Outstanding in basketball and memoir genres
Am amazing book. Very hard to put down. Coach Stringer shares her life, including stories of her own mistakes, setbacks and bad decisions. She tells us about her happy family and her encounter with racism at high school cheerleader selection. In college, her passion for sports collided with academics and she almost flunked out. And she met a handsome athlete named Bill Stringer.
Stringer's adult life combined professional triumph with personal tragedy. One child remains paralyzed from misdiagnosed spinal meningitis...and speechless from complications when the doctors refused to listen to Vivian's pleas: "I know there's something wrong. Please take another MRI."
Later her husband died at 47 and Stringer herself was diagnosed with breast cancer. She leaned heavily on family to survive these crises with dignity and strength.
As a basketball fan, I especially liked the sections on teams, games and championships. And I would like to have seen more. The most moving scene comes when Stringer describes a New Year's Eve practice when a lackluster team was inspired by Cappie Pondexter, Tammy Sutton Brown and a handful of Coach Stringer's former players. These players had just a few days off for the holidays, yet they came to Rutgers to help their coach and talk to this team from their perspective of "been there." And the team went on to get past the Final Four -- almost all the way to an NCAAW championship.

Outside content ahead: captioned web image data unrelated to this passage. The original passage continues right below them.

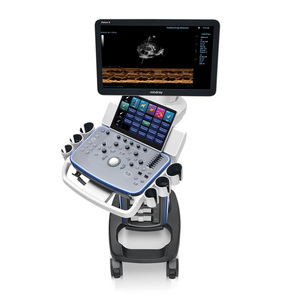 Système d'échographie vétérinaire Mindray Vetus 5 avec moniteur LED HD de 21,5 pouces et écran tactile de 13,3 pouces - Product Image 4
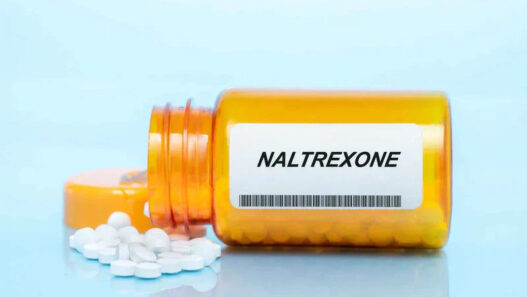 Naltrexone Weight Loss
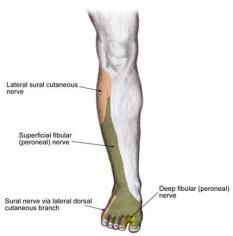 Anatomy, anterior compartment of the leAnatomy, common peroneal nerve injury, deep peroneal nerve, evert the foot, fibular nerve injury, first and second digits of the foot, foot drop, fracture of the neck of the fibula, lateral compartment of the leg, loss of sensation, majority of the dorsum of the foot, most commonly injured nerve in the leg, motor deficits, neck of the fibula, popliteal fossa, proximal fibula fracture, sciatic nerve branches, superficial peroneal nerve, superficial peroneal nerveg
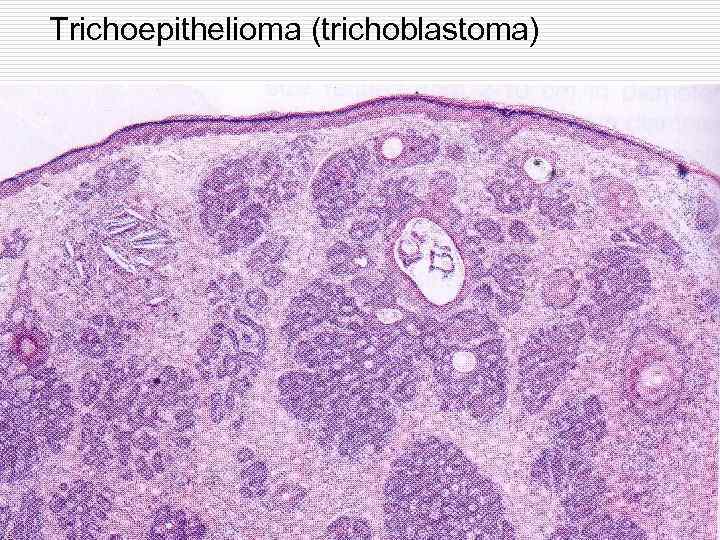 Trichoepithelioma (trichoblastoma) 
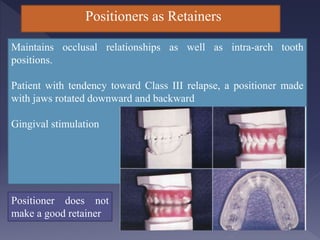 Tooth Positioner Retainer Retention-and-Relapse- for dental medicine students.pptx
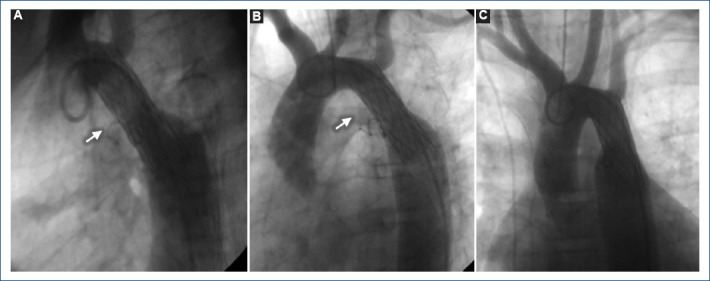 [Percutaneous treatment of aortic coartation and ductus arteriosus in a patient with Ebstein's anomaly].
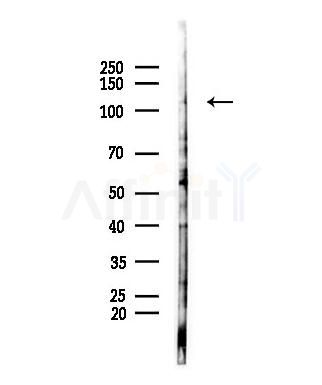 AR Antibody - Western blot analysis of lysates from Mouse lung, using AR Antibody at 1/1000 dilution.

Ultimately, I welcomed the opportunity to get to know more about Vivian Stringer. I've seen her standing tall at Rutgers games, wearing red, unflappable, and yes, every inch the tough coach in a feminine designer suit with good jewelry.
Good Read, Great Coach
I started following Rutgers Women's basketball just a few years ago and wanted to find out what makes C. Vivian Stringer tick, as well as to catch up on earlier teams that she coached. The book filled that need admirably. The writing is excellent, details informative and the message uplifting. She has a stoic and yet combative view of life and her story explains why.
No book will ever reveal what a person is like and if you've ever heard her speak, you know that Coach Stringer has poetry in her that barely peaks through in the book. Her reaction to the recent Tennessee clock debacle included, "I seem to have an eraser after my name..."
The perpetual struggle that she is involved in as she coaches and deals with her other challenges and the effect that she has on others is what she is and she is a treasure.